Karachi, August 19, 2019: Imported coal prices in Pakistan track the South African Richard’s Bay Index which has displayed weakness recently.
According to a research report, pertinently, waning demand from the largest export market of the Richard’s Bay Coal Terminal (RBCT) – India, amid
More importantly, a shift in preference for similar quality Australian coal (rendered more competitive in pricing) has queued massive inventory buildup at the RBCT of over 5million tons and pushed prices down.
While Pakistan, another significant export destination of RBCT, has embarked on a journey to shift commitment to domestic coal and renewables as historically, reliance on import of fossil fuels has weighed down on its import bill and contributed significantly to economic woes.
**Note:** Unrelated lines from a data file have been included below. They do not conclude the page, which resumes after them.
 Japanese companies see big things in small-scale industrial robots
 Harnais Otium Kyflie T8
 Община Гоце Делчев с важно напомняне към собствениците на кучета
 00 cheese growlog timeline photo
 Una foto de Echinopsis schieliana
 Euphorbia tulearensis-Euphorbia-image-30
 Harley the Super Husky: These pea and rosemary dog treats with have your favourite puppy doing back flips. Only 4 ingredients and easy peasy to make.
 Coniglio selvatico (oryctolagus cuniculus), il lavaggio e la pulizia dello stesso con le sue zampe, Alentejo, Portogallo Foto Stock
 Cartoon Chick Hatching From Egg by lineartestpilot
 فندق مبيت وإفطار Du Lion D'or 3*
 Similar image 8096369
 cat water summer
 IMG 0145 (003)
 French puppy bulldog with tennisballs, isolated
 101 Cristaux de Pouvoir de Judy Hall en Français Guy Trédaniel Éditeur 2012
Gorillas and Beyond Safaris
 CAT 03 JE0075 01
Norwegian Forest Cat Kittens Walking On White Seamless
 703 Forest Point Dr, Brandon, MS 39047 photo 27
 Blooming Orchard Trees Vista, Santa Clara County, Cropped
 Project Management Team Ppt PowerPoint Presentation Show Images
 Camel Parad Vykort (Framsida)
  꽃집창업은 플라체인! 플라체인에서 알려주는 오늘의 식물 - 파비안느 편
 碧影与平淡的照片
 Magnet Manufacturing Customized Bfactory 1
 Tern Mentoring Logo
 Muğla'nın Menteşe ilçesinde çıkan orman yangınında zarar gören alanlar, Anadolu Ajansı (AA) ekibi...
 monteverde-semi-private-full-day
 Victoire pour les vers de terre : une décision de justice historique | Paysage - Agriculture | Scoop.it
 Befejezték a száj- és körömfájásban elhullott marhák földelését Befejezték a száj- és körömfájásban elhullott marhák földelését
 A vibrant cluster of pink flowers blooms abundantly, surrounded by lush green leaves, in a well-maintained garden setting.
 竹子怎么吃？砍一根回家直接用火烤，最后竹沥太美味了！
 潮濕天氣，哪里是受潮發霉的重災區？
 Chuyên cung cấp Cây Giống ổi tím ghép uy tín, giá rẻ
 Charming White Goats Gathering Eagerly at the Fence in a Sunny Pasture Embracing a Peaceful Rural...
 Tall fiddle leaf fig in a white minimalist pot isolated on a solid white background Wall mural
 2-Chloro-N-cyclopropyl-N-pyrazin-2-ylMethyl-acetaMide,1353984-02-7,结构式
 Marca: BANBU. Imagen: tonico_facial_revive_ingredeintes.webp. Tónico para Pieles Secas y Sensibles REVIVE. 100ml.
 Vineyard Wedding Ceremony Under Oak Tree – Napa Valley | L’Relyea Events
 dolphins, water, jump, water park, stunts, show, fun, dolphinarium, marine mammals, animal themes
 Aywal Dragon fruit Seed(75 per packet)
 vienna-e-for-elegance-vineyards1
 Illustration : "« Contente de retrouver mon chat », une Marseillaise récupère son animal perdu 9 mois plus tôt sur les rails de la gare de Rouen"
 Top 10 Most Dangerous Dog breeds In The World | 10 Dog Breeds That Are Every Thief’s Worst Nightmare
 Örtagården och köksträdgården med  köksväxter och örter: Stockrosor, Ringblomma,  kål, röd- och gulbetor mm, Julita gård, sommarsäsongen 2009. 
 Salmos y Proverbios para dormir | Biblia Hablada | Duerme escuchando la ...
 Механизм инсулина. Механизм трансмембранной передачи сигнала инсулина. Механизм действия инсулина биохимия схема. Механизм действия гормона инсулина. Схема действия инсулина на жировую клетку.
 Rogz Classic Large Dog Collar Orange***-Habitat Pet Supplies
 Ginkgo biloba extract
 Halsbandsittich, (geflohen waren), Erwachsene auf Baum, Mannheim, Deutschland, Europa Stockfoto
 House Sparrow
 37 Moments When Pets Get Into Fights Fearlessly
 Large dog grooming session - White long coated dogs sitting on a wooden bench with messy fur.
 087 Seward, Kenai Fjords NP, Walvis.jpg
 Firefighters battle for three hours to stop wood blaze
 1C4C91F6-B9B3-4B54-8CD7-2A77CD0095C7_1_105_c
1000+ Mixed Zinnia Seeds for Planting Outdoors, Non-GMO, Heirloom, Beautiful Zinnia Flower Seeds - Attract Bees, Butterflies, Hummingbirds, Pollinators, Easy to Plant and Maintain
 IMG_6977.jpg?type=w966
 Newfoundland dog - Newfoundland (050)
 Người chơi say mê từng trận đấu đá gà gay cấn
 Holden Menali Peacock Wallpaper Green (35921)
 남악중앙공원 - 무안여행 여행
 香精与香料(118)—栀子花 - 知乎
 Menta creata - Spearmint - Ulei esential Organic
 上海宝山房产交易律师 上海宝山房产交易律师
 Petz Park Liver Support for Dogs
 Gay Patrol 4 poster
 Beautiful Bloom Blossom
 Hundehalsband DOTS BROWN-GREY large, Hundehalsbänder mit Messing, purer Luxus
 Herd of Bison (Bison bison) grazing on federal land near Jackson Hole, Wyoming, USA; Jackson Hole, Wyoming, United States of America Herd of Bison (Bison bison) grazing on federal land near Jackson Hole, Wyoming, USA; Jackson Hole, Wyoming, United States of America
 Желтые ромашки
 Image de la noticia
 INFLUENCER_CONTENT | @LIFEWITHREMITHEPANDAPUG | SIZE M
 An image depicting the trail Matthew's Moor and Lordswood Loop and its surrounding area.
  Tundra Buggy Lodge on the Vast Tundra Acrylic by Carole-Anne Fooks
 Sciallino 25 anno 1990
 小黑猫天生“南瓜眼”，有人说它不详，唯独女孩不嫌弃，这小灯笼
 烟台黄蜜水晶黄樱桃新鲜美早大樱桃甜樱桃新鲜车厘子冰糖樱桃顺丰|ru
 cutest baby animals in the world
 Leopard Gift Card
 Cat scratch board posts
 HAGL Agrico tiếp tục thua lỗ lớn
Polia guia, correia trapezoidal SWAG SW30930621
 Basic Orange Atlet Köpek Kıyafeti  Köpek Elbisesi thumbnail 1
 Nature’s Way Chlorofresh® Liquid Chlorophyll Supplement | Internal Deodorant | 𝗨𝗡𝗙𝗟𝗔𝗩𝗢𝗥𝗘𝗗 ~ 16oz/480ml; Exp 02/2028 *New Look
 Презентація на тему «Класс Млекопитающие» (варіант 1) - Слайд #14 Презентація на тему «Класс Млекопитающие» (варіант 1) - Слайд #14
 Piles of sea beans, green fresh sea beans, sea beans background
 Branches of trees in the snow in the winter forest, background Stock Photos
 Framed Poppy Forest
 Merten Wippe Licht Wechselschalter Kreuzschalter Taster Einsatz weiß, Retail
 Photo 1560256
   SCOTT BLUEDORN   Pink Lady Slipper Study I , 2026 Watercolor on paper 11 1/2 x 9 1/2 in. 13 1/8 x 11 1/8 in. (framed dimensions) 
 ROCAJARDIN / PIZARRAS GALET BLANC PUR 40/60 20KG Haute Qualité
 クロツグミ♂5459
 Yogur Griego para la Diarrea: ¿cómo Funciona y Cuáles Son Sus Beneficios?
This is followed by South Korea, which has also disclosed long term plans to distance itself from coal-fired generation to other renewables sources.
In the developed world too, coal demand is set to contract. As per the US Energy Information Administration, coal consumption is set to hit a 40-year low in the US at a little over 600mn tons in 2019. Whereas floods in China have filled up reservoirs to the rim and make a stronger case for a hydro generation (amongst other renewables) over a coal-based generation.
Hence, as upcoming coal demand heads down south, futures on the Richard’s Bay Index (Sep’19) have followed suit and are currently hovering near USD 59.05/ton.
The domestic cement sector remains widely exposed to coal price fluctuations as it forms roughly 40-50percent of costs of goods sold, primarily being used as fuel for kiln as well as energy generation.
Given the importance, and stark decline the commodity has observed in the past few weeks, we have analyzed the impact below. Our FY20 coal price assumption is conservatively set at USD 80/ton (average since Jan’16 to date; since the commodity last appeared near current levels in CY16). We do highlight that the impact of muted coal prices will become more visible from 2QFY20 as the prior stock of coal will keep averages less favourable in 4QFY19 and 1QFY20.
Our workings suggest that DGKC appears most sensitive to changes in coal prices with its FY20 earnings undergoing a jump of 54percent (PKR 1.04/share) with every USD 5/ton dip in average coal prices. The massive volatility is on account of low earnings base and requirement for its captive coal power plant.
For similar reasons, MLCF also remains highly sensitive to variations in coal prices (earnings alter by 19percent, or PKR 0.56/share, with every USD 5/ton change in coal prices).
In addition, we flag LUCK as another key beneficiary of lower coal prices in lieu of its efficient inventory management (FY20 earnings vary by 6percent, or PKR 1.84/share, for every USD 5/ton change in coal prices). Although, KOHC remains more sensitive to coal prices (earnings witness a hike of 7percent, or PKR 0.86/share, with every USD 5/ton change in coal prices).